Like many products made or used in Atlantic Canada, energy is often traded (purchased or sold) across provincial and international borders.

Energy systems within the Atlantic provinces are very integrated (electricity, gasoline, natural gas, etc.) and trade between the four provinces is constant. The Atlantic provinces also trade energy to other provinces and internationally, especially with the six states in New England (Maine, New Hampshire, Vermont, Massachusetts, Connecticut and Rhode Island).

What is trade?

Different types of energy, like nearly all products and services, are traded, or purchased and sold, across provincial and international borders every minute.

Exports are products or services that a business in one country sells to customers in another country. This also happens from state-to-state or province-to-province (known as interprovincial trade). A familiar example for exports would be electricity generated by hydroelectric dams in Newfoundland and Labrador being sold to customers in the United States (some via Québec).

Exports impact an economy by increasing revenue for the seller’s economy, growing the Gross Domestic Product (GDP). GDP increases as an economy exports more than it imports. Exports are good because they essentially use money from the customers’ country to help generate jobs and taxes in the seller’s country.

Imports are products or services that a producer in another country sells to customers here. An example would be natural gas, which flows largely from western Canada and the United States through New England and eventually to thousands of customers in New Brunswick and Nova Scotia.

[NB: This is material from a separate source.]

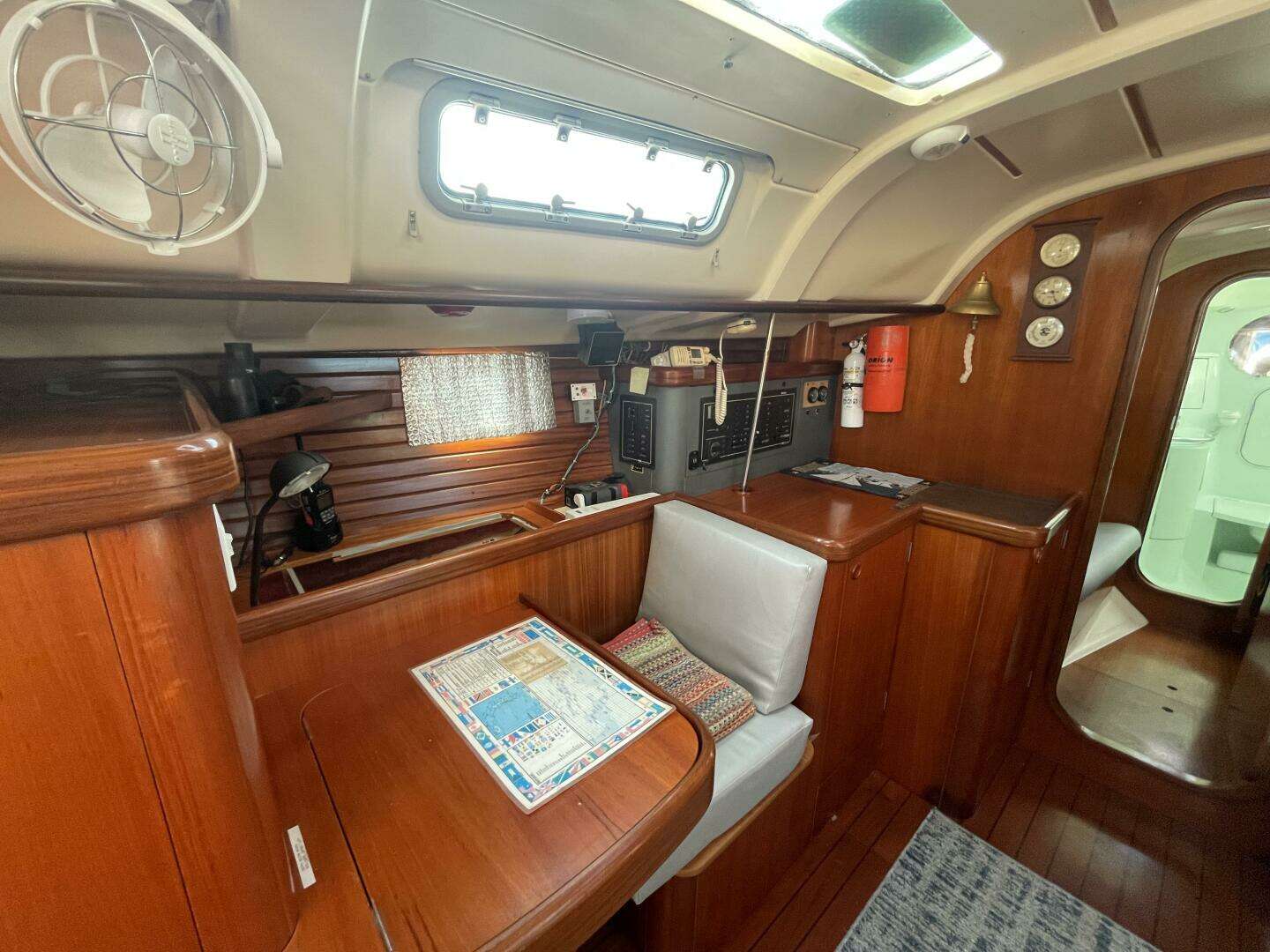 1993 Beneteau Oceanis 400 - Image 17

Source: Atlantica’s Fuel for Thought Podcast, Energy Trade 101: How does energy trade impact New England and Atlantic Canada?

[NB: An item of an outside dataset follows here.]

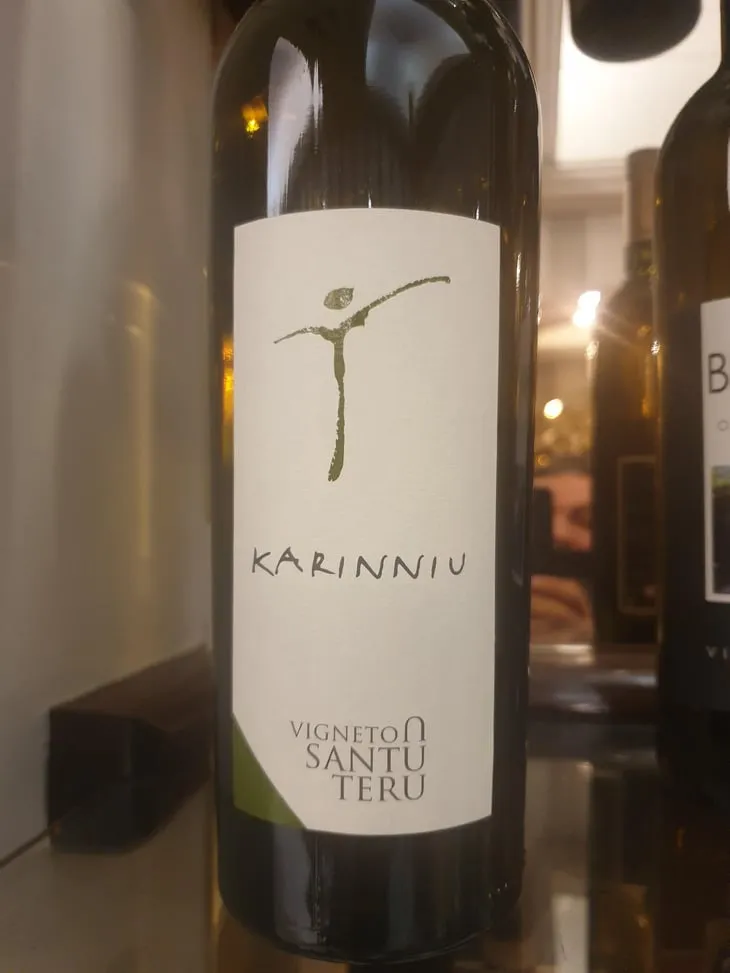 Etikett von Karinniu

Imports are often considered less helpful for an economy than exports, but they are still important. Atlantic Canada does not or cannot produce everything used in the region (from producing natural gas to fuel manufacturing businesses to growing oranges in the winter).  Imports are also important because many Atlantic Canadian businesses add value to raw products imported from another country, such as importing crude oil and refining it to make gasoline and diesel.

A trade balance is the difference between what a country imports and exports. If it imports relatively too much, it has a trade deficit, which can devalue its currency.

What role will energy trade play in Atlantic Canada’s net-zero future?

Trading energy internationally can play an important and growing role in Atlantic Canada’s net-zero future.

It is reasonable to expect that energy trade between the Atlantic provinces and United States, especially the New England states, will continue in the future as both regions benefit. For examples, 8 in 10 cars on the road in New England are powered with Canadian fuel. The New England states forecast electricity demand will increase from 119,000 GWh in 2024 to 140,000 GWh in 2033, and Atlantic Canada’s world-class onshore and offshore wind resources could help meet this growing demand.

Several clean fuel projects are in development across Atlantic Canada including hydrogen and sustainable aviation fuel, which is planned to export energy to European customers. It is reasonable to expect that Atlantic Canada’s future trade will see energy exports grow to serve existing and new markets, enabling diversification while growing the local energy sector.